A style bank can be a dict[str, list[str]] or a list[list[str]]:
from diversify_text import diversify
from diversify_text.styles import DEFAULT_STYLE_BANK
custom_bank = {
"academic": ["The results demonstrate a statistically significant effect."],
"enthusiastic": ["We found something really interesting — check this out!"],
"telegraphic": ["Key finding: effect confirmed. Details follow."],
}
results = diversify(
"The experiment was conducted in a controlled lab setting.",
method_kwargs={"tinystyler": {"style_bank": custom_bank}},
)
DEFAULT_STYLE_BANK is exported from diversify_text.styles so you
can build on it:
from diversify_text.styles import DEFAULT_STYLE_BANK
extended_bank = {
**DEFAULT_STYLE_BANK,
"scientific": ["The data clearly indicate a statistically significant result."],
}
You can also select specific styles by key name with styles, instead of
cycling through the entire bank.

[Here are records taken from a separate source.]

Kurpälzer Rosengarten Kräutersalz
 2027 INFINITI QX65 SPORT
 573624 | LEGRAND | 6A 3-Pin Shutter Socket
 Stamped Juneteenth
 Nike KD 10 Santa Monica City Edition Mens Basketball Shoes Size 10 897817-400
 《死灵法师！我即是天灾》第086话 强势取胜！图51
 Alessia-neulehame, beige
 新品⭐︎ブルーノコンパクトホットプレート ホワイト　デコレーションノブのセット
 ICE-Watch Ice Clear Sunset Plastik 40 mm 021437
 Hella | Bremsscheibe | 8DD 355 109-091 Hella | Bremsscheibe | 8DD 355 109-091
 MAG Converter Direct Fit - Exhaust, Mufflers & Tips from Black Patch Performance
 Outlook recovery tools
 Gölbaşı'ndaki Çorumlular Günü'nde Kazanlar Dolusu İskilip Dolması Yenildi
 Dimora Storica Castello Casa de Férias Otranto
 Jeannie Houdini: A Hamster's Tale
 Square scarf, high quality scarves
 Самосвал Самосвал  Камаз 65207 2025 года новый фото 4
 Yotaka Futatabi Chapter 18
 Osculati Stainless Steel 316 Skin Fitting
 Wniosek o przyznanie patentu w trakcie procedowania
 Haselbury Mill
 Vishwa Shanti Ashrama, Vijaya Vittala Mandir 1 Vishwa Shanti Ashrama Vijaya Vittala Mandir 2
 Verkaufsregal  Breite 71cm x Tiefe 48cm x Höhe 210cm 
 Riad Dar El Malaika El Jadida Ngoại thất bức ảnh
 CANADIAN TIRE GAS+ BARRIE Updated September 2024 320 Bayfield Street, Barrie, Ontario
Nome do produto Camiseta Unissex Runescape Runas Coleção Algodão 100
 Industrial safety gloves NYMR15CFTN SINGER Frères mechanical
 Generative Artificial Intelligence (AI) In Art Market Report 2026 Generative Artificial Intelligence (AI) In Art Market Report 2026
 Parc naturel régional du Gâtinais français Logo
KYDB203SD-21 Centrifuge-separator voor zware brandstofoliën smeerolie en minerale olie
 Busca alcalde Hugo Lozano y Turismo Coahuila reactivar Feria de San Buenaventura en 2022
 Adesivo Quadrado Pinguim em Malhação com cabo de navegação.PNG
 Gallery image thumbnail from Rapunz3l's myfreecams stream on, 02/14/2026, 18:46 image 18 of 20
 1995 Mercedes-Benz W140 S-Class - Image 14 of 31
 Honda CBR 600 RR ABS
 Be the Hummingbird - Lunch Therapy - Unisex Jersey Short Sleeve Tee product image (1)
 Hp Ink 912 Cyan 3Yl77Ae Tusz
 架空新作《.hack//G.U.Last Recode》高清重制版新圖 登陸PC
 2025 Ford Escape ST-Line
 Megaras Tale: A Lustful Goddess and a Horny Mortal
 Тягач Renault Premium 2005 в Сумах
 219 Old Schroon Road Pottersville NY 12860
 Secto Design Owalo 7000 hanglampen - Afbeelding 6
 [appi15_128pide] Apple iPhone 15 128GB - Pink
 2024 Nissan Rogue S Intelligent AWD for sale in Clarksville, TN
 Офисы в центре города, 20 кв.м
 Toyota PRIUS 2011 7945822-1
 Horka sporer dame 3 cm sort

The number of paraphrases is determined by
the number of selected styles:
results = diversify(
"The experiment was conducted in a controlled lab setting.",
method_kwargs={"tinystyler": {"styles": ["research_article", "personal_blog", "recipe"]}},
)
Creating a custom method
from diversify_text import Diversifier
from diversify_text.method import DiversificationMethod
class MyMethod(DiversificationMethod):
name = "my_method"
def generate(self, texts, *, n, max_new_tokens, temperature, top_p, **kwargs):
return [[f"{text} :: variant {i}" for i in range(n)] for text in texts]
results = Diversifier(methods=[MyMethod()]).diversify("Hello", n=3)
[{"original": "Hello", "paraphrases": ["Hello :: variant 0", "Hello :: variant 1", "Hello :: variant 2"]}]